# [TASK]
Copy the data exactly, pictures aside.

# [DATA BLOCK]
☆ ☆ ☆ ☆ ☆

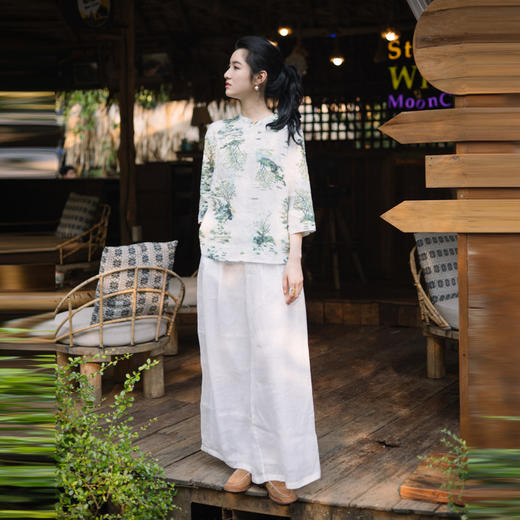 * 绽放196朵/双层松紧腰白色仙女阔腿裤 商品图2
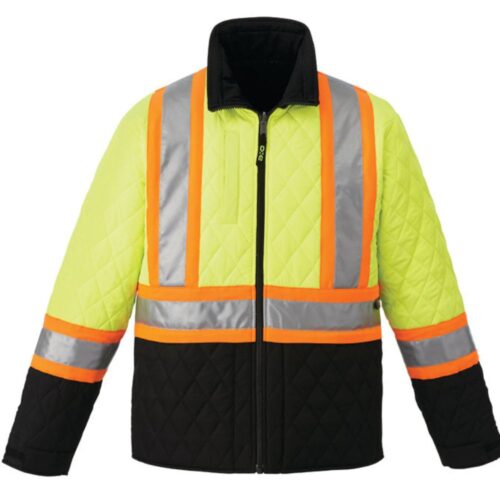 L01210 - Zircon - Cotton Canvas Reversible to Polyester Hi-Vis Insulated Jacket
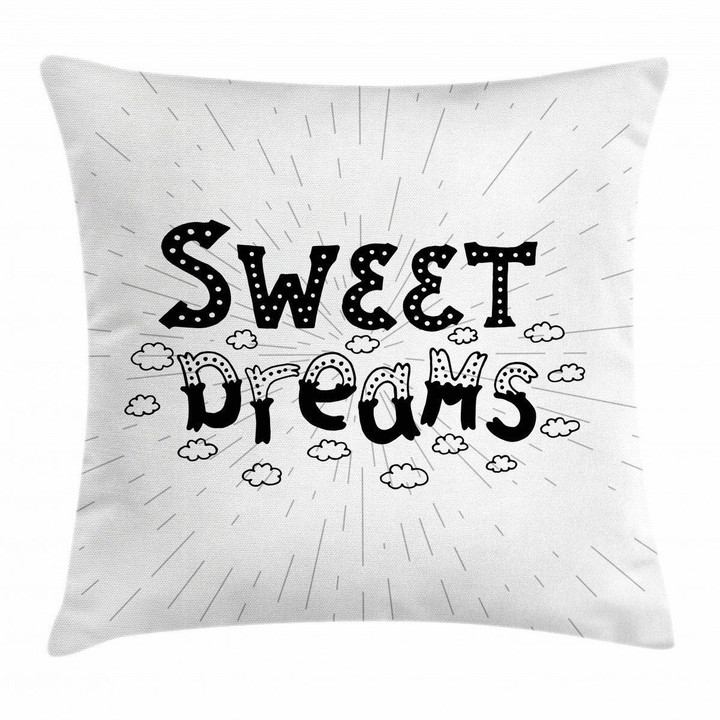 Retro Words Clouds Sweet Dream Pattern Cushion Cover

☆ ☆ ☆ ☆ ☆

# [SOLUTION TO THIS TASK]
 * 绽放196朵/双层松紧腰白色仙女阔腿裤 商品图2
 L01210 - Zircon - Cotton Canvas Reversible to Polyester Hi-Vis Insulated Jacket
 Retro Words Clouds Sweet Dream Pattern Cushion Cover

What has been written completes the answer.